Broadly in line with previous studies (Filipek et al. 1994; Murphy et al. 1996; Paus et al. 1996; Giedd et al. 1997; Goldstein et al. 2001; Good et al. 2001; Luders et al. 2005; Raz et al. 2005; Carne et al. 2006; Chen et al. 2007; Hsu et al. 2008), relatively larger GM volumes were detected in XX controls bilaterally in the precentral gyrus, the subcallosum, and the right inferior frontal gyrus, whereas XY controls had larger GM volumes in the cerebellum, the left uncus and amygdala, and larger GM and WM volumes in the occipital lobe (Table 2). XXY males shared some features with XY males, some with XX females, and also displayed singular features (Tables 2 and 3).

Overall, the group differences found in regard to WM were paralleled by differences in GM volumes (Table 2). This is not surprising, considering that GM is composed predominantly of neurons, while WM is composed mainly of axons connecting these neuronal bodies.

Multiple regression analyses showed that sex differences in the precentral gyrus (overlapping with the motor cortex) and cerebellum (mainly overlapping with the vermis) were primarily linked to the number of X-chromosomes (Table 5), whereas the larger occipital GM volume in men was linked to testosterone levels (Tables 3 and 4). No specific Y-chromosome effects other than those related to testosterone were detected. Sex chromosome trisomy was found to interact with several limbic structures.

In the ensuing discussion, we will address several methodological issues, then discuss the present finding in relation to relevant literature, and finally speculate about the possible implications vis-à-vis mechanisms behind sex differences in cerebral anatomy and the skewed sex distribution in psychopathology.

Methodological Consideration

One may argue that our midsize sample could hamper detection of some group differences. Although this is theoretically possible, it should be stressed that our findings have a precedence in that differences between XY males and XX females were detected in regions previously reported to be sexually dimorphic, and also that the observed changes in XXY patients were consistent with previous reports (Raz et al. 1995; Murphy et al. 1996; Paus et al. 1996; Giedd et al. 1997, 2006, 2007; Nopoulos et al. 2000; Goldstein et al. 2001; Luders et al. 2005). This reproducibility of data provides reliability to the present multigroup comparisons.
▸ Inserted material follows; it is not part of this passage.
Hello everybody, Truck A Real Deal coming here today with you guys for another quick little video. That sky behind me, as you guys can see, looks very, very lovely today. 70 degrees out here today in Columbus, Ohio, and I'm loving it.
The use of the 2D:4D ratio deserves comment. Since the influential article of Manning et al. (1998) on this antrophomorphic measure of fetal testosterone exposure, over 300 related works have appeared in the literature (Voracek and Loibl 2009). The exact mechanisms by which 2D:4D and prenatal androgen exposure are related are, however, not entirely clear. Knickmayer et al. recently reported in a longitudinal study of neonates that the interaction of salivary testosterone and CAG repeats predicted right-hand digit ratio at 12 months and left hand digit ratio at 12 months and 24 months but not at 2 weeks of age. Given these observations the authors suggested that it may be more appropriate to interpret the 2D:4D ratio in adulthood as an index of early testosterone exposure rather than prenatal exposure per se (Knickmeyer et al. 2011). While these data need to be replicated, they motivate a further evaluation of how exactly this anthropomorphic measure reflects testosterone exposure.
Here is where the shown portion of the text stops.